Mike Hansen Mike.Hansen at atmel.com
Wed Dec 6 17:39:07 CET 2006


 

> -----Original Message-----
> From: tutor-bounces at python.org 
> [mailto:tutor-bounces at python.org] On Behalf Of Morpheus
> Sent: Wednesday, December 06, 2006 9:00 AM
> To: tutor at python.org
> Subject: [Tutor] List to dictionary question
> 
> I'm new to programming, and trying to learn the Python language.  
> The following code does what I want it to do, but I have not 
> idea how it
> works.  
> 
> def scanList(names,temp):
>     for i in names:
>         temp[i] = 0
>     print temp
> 
> Names = []
> temp = {}
> 
> I have a list of names (Names[]) and want to remove duplicate names in
> the list.  Here is what I think is happening (please correct me if I'm
> wrong, or using the wrong technical terminology):  I'm passing the
> variables Names and temp as arguments to the scanList function.  The
> statement (for i in names:) is an iteration going through each item in
> the list.  The next statement (temp[i] = 0) is where I get confused.
> Can someone please explain what is happening here.  
>     
> Thanks for your help.
> 

temp is a dictionary. Dictionaries have unique keys. scanList goes
through each item in names and sets the key of the temp dictionary to
the item. If there are more than one item of the same value, it just
sets the key of the dictionary again.

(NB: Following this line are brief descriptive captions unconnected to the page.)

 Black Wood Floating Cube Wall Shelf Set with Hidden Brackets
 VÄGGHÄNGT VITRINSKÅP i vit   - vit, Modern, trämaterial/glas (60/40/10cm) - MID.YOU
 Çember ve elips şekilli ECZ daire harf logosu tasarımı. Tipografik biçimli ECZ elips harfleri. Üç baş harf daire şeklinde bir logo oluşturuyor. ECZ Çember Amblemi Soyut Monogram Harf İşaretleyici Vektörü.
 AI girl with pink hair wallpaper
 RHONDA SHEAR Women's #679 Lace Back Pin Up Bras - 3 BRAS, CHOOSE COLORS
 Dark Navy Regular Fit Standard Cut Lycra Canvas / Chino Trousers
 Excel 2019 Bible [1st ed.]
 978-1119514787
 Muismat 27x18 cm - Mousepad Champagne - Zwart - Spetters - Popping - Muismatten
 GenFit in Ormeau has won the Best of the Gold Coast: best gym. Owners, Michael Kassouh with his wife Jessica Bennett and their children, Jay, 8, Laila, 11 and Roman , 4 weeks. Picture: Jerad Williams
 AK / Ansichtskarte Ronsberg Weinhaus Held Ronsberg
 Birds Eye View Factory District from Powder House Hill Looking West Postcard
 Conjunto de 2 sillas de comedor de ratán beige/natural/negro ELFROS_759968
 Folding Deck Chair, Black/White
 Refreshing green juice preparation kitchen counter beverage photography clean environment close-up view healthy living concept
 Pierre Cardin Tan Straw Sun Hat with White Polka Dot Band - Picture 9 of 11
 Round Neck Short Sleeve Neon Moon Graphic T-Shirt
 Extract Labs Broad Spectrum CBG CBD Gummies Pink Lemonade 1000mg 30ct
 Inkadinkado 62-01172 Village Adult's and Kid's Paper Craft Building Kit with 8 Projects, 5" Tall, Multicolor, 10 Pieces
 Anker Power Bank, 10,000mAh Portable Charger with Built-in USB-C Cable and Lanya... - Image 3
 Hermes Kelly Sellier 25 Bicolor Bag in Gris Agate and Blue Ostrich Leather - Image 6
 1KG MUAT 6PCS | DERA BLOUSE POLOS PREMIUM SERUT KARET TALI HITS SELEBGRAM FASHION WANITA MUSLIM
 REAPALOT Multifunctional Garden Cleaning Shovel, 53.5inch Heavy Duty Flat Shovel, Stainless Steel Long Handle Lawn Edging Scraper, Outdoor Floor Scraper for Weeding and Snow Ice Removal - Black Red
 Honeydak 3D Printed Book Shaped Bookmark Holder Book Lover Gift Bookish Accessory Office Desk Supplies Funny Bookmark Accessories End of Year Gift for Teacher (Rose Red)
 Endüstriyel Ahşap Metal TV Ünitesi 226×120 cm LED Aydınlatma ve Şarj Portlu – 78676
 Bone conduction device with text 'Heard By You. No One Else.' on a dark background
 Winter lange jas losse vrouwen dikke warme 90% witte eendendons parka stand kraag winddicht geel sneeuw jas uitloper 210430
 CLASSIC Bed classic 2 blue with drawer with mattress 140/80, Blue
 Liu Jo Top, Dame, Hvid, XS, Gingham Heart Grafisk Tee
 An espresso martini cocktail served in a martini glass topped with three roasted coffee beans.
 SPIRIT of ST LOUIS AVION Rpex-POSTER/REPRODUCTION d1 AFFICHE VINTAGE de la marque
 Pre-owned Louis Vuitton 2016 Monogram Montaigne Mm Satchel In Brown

The statement temp[i] = 0 is
setting the value of the key 'i' to 0. (temp[key] = value) To get your
list without duplicates just get the keys of the dictionary after the
list has been run through function.
temp.keys()

If you have names = [1,2,3,2,4]
The temp dictionaries keys become 1,2,3,4.
In the scanList function above
temp[1] = 0
temp[2] = 0
temp[3] = 0
temp[2] = 0 <- It's just setting the same key to zero again.
temp[4] = 0

temp.keys() 
[1,2,3,4]

I hope that makes some sense. 

I think a more explicit way of removing duplicates from a list is using
sets.

In [1]: x = ['a', 'a', 'b', 'c', 'd', 'e', 'f', 'f', 'f']

In [2]: se = set(x)

In [3]: se
Out[3]: set(['a', 'c', 'b', 'e', 'd', 'f'])

In [4]: sel = list(se)

In [5]: sel
Out[5]: ['a', 'c', 'b', 'e', 'd', 'f']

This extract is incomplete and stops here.